International English Language Testing System (IELTS)
The International English Language Testing System or more commonly known as IELTS is the brainchild of the British and Australian. It is an international standardised test of English language proficiency. IELTS has effectively been granted the monopoly power when both the British and Australian home office made it compulsory for student visa applicants to take the test. IELTS is also used as a benchmark for skilled migration applicants. Students sometime even complain that waiting time is too long because too many people are in the queue to take IELTS.
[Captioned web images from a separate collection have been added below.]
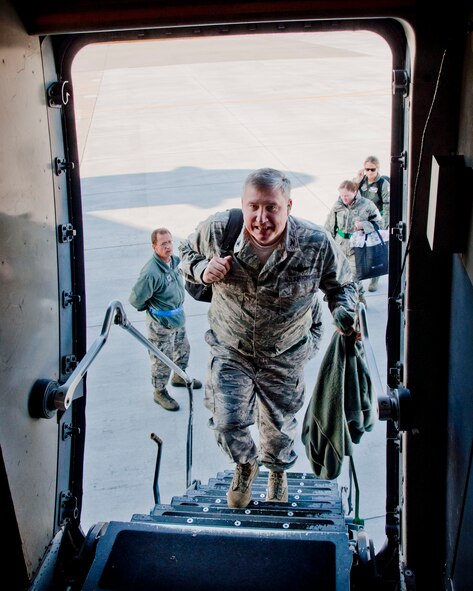 Col. Darrell G. Young, 934th Airlift Wing commander, boards a C-17 for the flight to Gulfport, Miss.  (US Air Force Photo/Tech Sgt. Jim Loehr)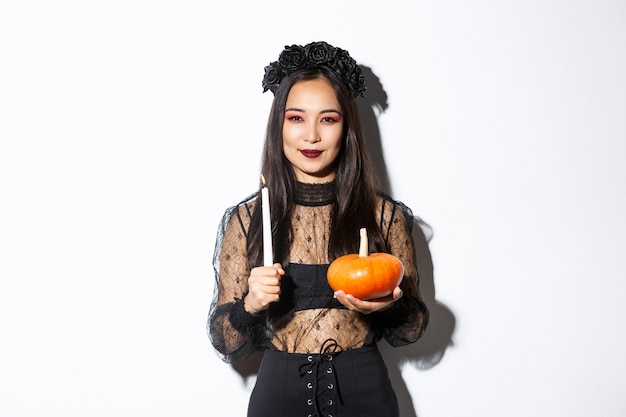 Imagen de bruja asiática sonriente astuta en traje gótico, sosteniendo una vela con calabaza y mirando a la cámara astucia, de pie sobre fondo blanco.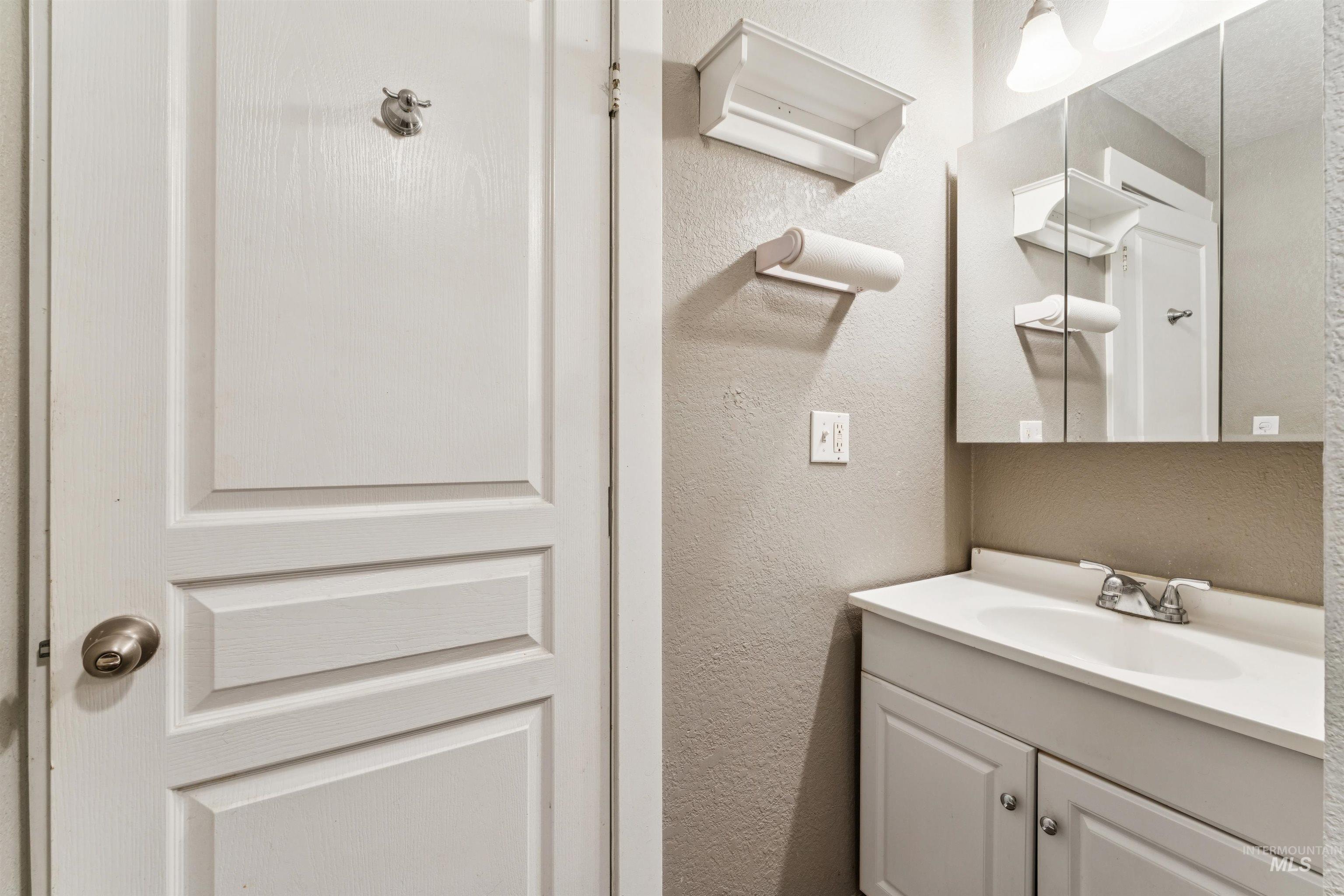 Bathroom with vanity and a textured wall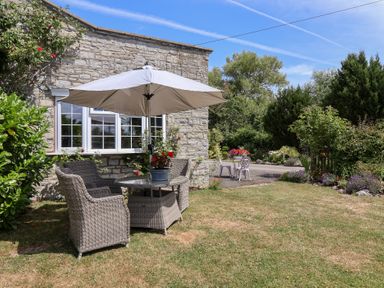 A garden with a table and chairs under an umbrella at Pear Tree Cottage near Burnham-on-Sea
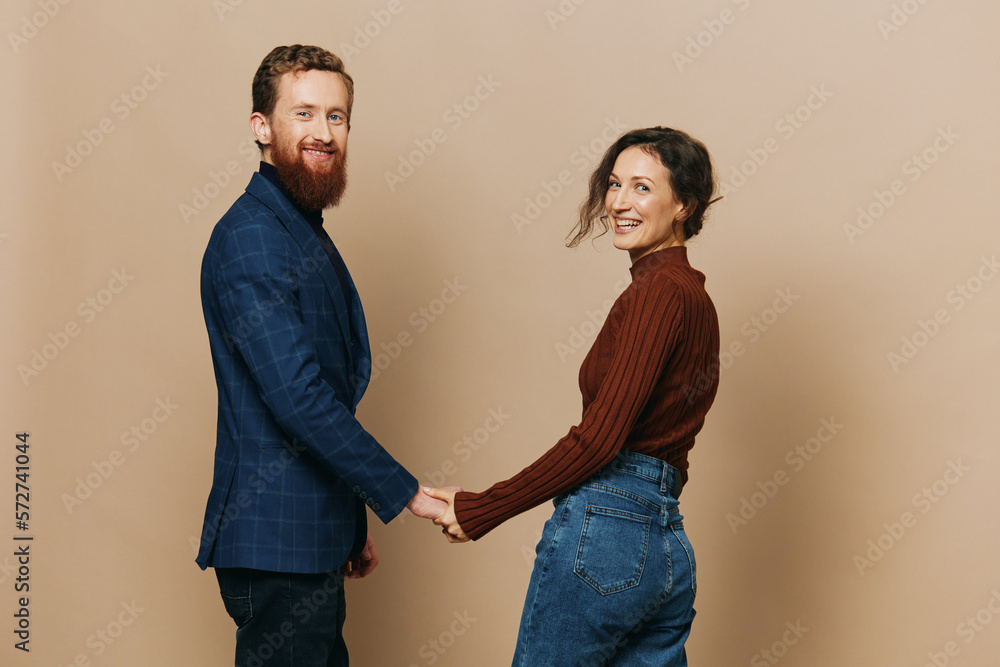 Man and woman couple in a relationship smile and interaction on a beige background in a real relationship between people Man and woman couple in a relationship smile and interaction on a beige background in a real relationship between people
The test fee is not cheap either. It is not an amount that any student can easily afford. The test fee in the UK is priced at 110 sterling pounds per attempt. Test results that have lapsed for two years is generally considered as outdated by the immigration department and a new test has to be taken. However, no official figures have been released to show how big the UK English proficiency test market really is. According to anecdotal evidence, the similar market in Australia is estimated about 27 million sterling pounds. Archived records from the UK Department of Education and Employment also showed that British English language products were worth about 800 million sterling pounds in 1988. This huge figure is not surprising because most students will pay additional money to go for IELTS focused tuition.
On the other side of the globe, the Australian Immigration and Citizenship Minister Chris Evans have indicated that alternative English proficiency tests will soon be recognised for immigration purposes. Many other test providers welcome this decision. One of them is the Test of English as a Foreign Language (TOEFL), which is designed by the Americans in 1964. Another new test provider, world-wide publisher Pearson, is also said to have applied to the Australian government for an official status. These competitors are very keen to bite off some market share of IELTS.
Australian Minister’s decision is likely to be influenced by the fact that the Australian economy relies a lot on overseas students. The influx of Chinese, Indian and Iranian students are now at the highest in history. These emerging countries have fast growing economies and parents are now financially capable to send their children to Australia, UK and the USA for education. However, not all of the students would have chosen to take IELTS. Many of them would have taken TOEFL because they are also applying to academic institutions in the USA. It is wise of the Australian Minister to realise that by making IELTS the only option, it is likely to alienate potential overseas students together with the school fees they bring to Australia.
IELTS also came under some bad press in November 2009 in India. The British Council is responsible for administering the IELTS in India; however, their employees have been alleged to be taking money to sit the exam for others. Critics commented the issue here is because the British Council does not submit itself to any external audit. They also argued that unless IELTS is taken off the monopoly seat, these fraudulent incidents will continue.
Perhaps it is true when an organisation is in a monopoly position; it is also very susceptible to being abused. I think we should seriously re-assess our approach to the English proficiency test in the UK.